Egress from workspace subnets
When you enable secure cluster connectivity, both of your workspace subnets are private subnets, since cluster nodes do not have public IP addresses.
The implementation details of network egress vary based on whether you use the default (managed) VNet or whether you use the VNet injection to provide your own VNet in which to deploy your workspace.
Important
Additional costs may be incurred due to increased egress traffic when you use secure cluster connectivity. For the most secure deployment, Microsoft and Databricks strongly recommend that you enable secure cluster connectivity.
Egress with default (managed) VNet
If you use secure cluster connectivity with the default VNet that Azure Databricks creates, Azure Databricks automatically creates a NAT gateway for outbound traffic from your workspace’s subnets to the Azure backbone and public network. The NAT gateway is created within the managed resource group managed by Azure Databricks. You cannot modify this resource group or any resources provisioned within it. This NAT gateway incurs additional cost.
Egress with VNet injection
If you enable secure cluster connectivity on your workspace that uses VNet injection, Databricks recommends that your workspace has a stable egress public IP. Stable egress public IP addresses are useful because you can add them to external allow lists.
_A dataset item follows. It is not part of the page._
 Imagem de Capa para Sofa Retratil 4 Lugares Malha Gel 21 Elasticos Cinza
For example, to connect from Azure Databricks to Salesforce with a stable outgoing IP address.
Warning
Microsoft announced that on September 30, 2025, default outbound access connectivity for virtual machines in Azure will be retired. See this announcement. This means that existing Azure Databricks workspaces that use default outbound access rather than a stable egress public IP might not continue to work after that date. Databricks recommends that you add explicit outbound methods for your workspaces before that date.
To add explicit outbound methods for you workspace, use an Azure NAT gateway or user-defined routes (UDRs).
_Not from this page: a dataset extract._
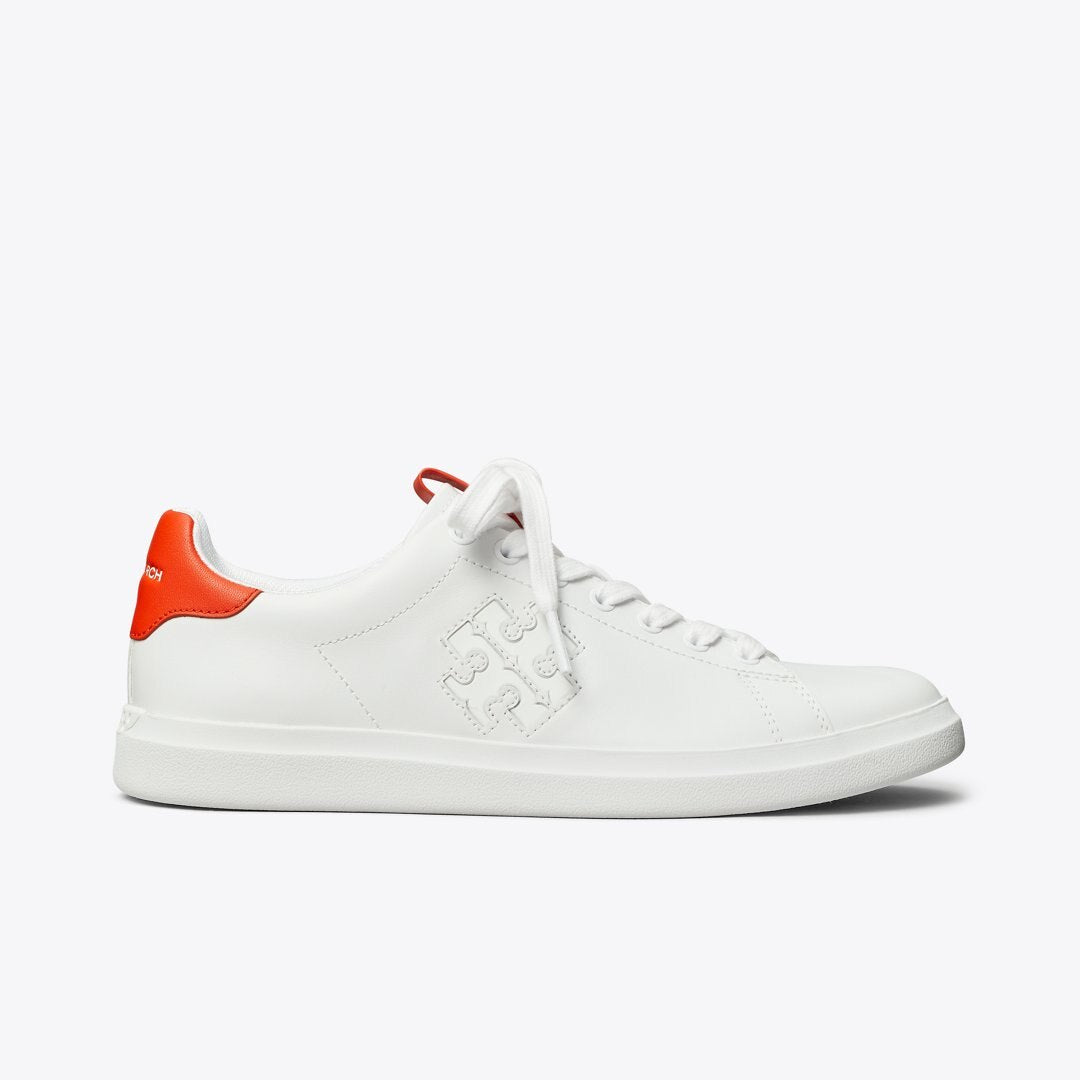 Tory Burch Howell Court Sneaker WHITE / DESERT FLOWER ORANGE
- Azure NAT gateway: Use an Azure NAT gateway if your deployments only need some customization. Configure the gateway on both of the workspace’s subnets to ensure that all outbound traffic to the Azure backbone and public network transits through it. Clusters have a stable egress public IP, and you can modify the configuration for custom egress needs. You can configure this using either an Azure template or from the Azure portal.
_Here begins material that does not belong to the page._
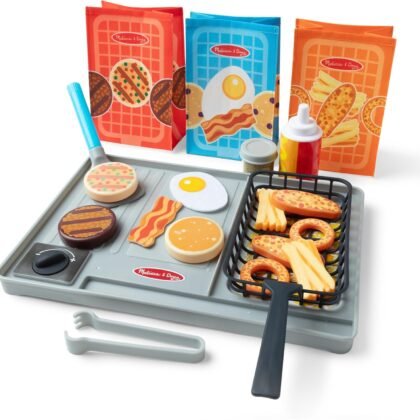 Melissa & Doug Flip & Fry Grill Play Set with Water Wow!® Kids Kitchen Playset with Color Changing Play Food, Preschool Toys for Girls & Boys Ages 3+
- UDRs: Use UDRs if your deployments require complex routing requirements or your workspaces use VNet injection with an egress firewall. UDRs ensure that network traffic is routed correctly for your workspace, either directly to the required endpoints or through an egress firewall. To use UDRs, you must add direct routes or allowed firewall rules for the Azure Databricks secure cluster connectivity relay and other required endpoints listed at User-defined route settings for Azure Databricks.
Warning
Do not use an egress load balancer with a workspace that has secure cluster connectivity enabled. In production systems, an egress load balancer can lead to risk of exhausting ports.